- [To do] Could you copy exactly the lines below, beginning at the line with "MAZZONETTI A 1910,Dreiviertelportrait" and stopping after the line with "Dachshund Cartoons Faux Canvas Print", with no pictures?

- [Data supplied]
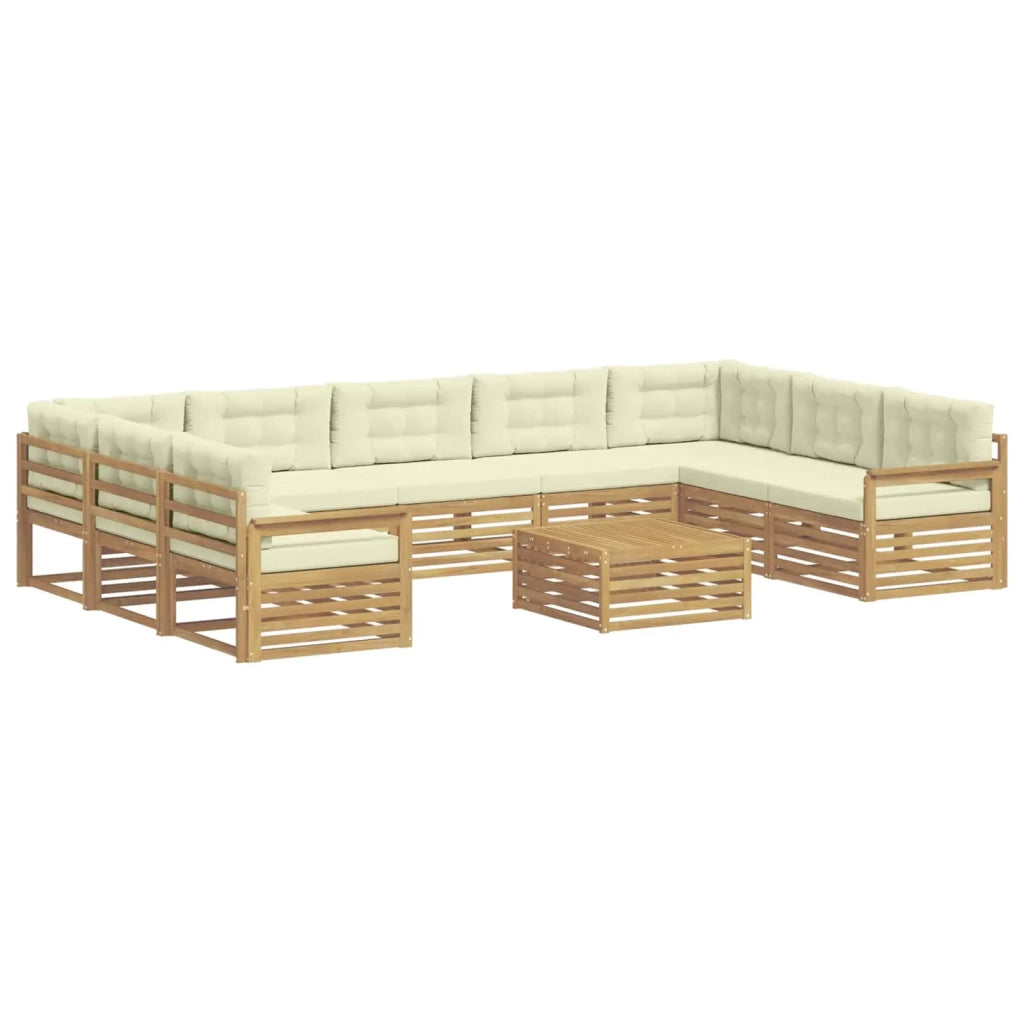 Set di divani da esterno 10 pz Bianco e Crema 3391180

==

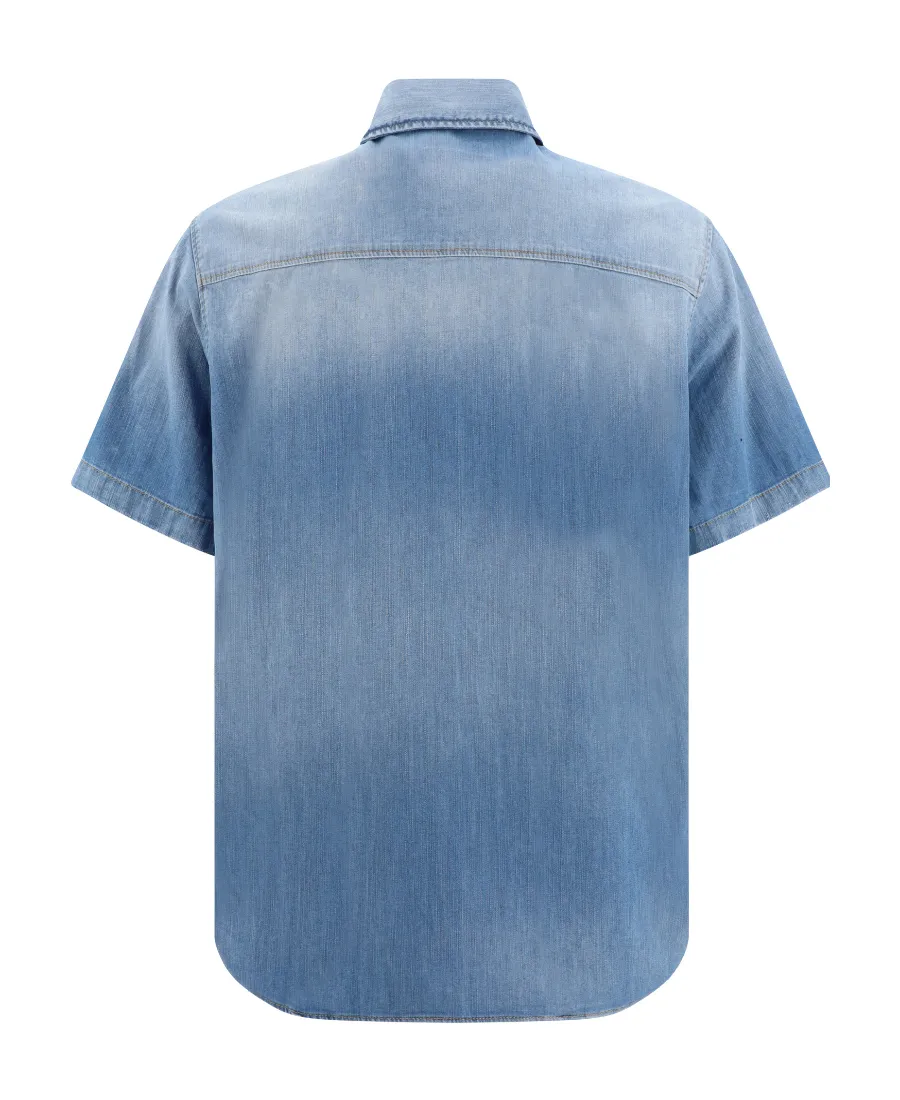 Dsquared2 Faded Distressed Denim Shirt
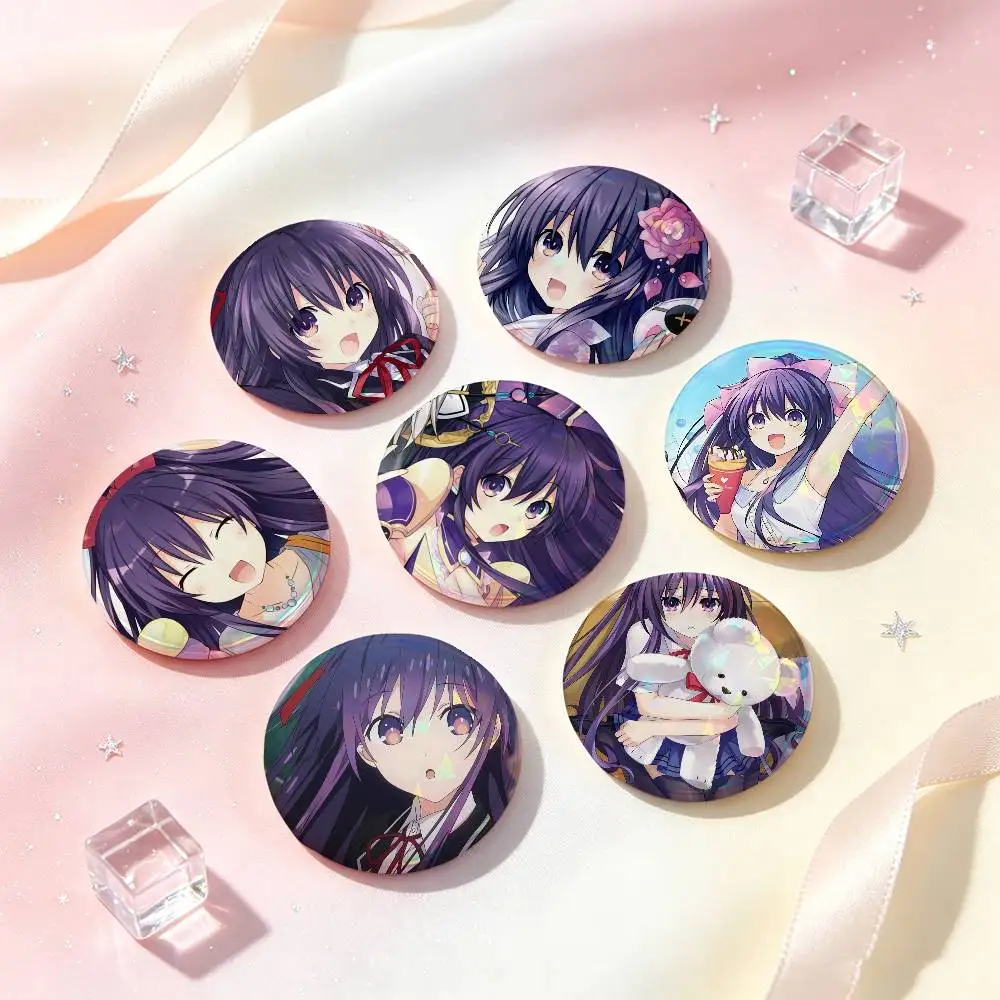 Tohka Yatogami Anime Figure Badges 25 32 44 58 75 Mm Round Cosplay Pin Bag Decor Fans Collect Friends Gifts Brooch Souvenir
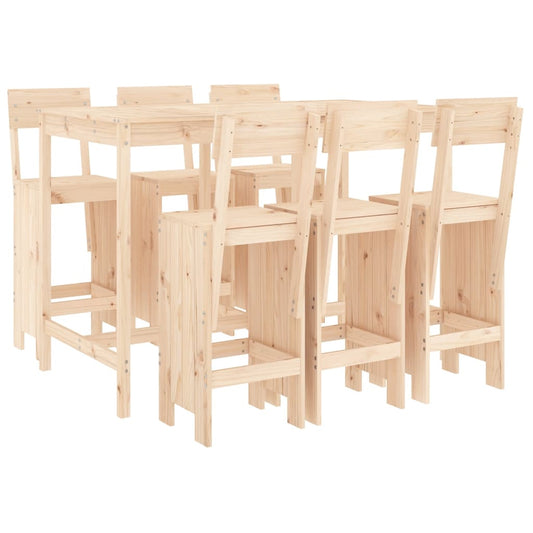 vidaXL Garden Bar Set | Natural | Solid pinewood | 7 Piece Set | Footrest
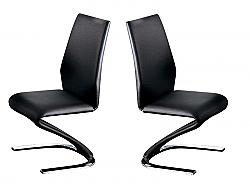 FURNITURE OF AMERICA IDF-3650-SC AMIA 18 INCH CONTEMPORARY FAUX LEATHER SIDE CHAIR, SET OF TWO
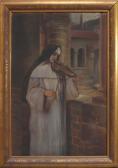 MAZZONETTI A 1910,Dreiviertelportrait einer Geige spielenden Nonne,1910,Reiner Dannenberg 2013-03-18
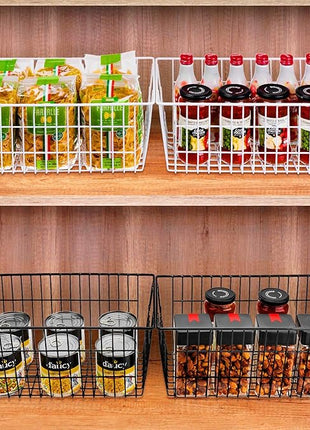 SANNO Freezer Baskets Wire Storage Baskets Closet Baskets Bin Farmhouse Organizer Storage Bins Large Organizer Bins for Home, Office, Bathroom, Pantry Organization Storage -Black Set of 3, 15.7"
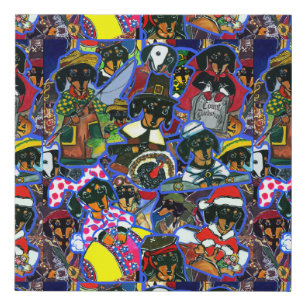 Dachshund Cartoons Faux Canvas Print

- [Exercise response]
 MAZZONETTI A 1910,Dreiviertelportrait einer Geige spielenden Nonne,1910,Reiner Dannenberg 2013-03-18
 SANNO Freezer Baskets Wire Storage Baskets Closet Baskets Bin Farmhouse Organizer Storage Bins Large Organizer Bins for Home, Office, Bathroom, Pantry Organization Storage -Black Set of 3, 15.7"
 Dachshund Cartoons Faux Canvas Print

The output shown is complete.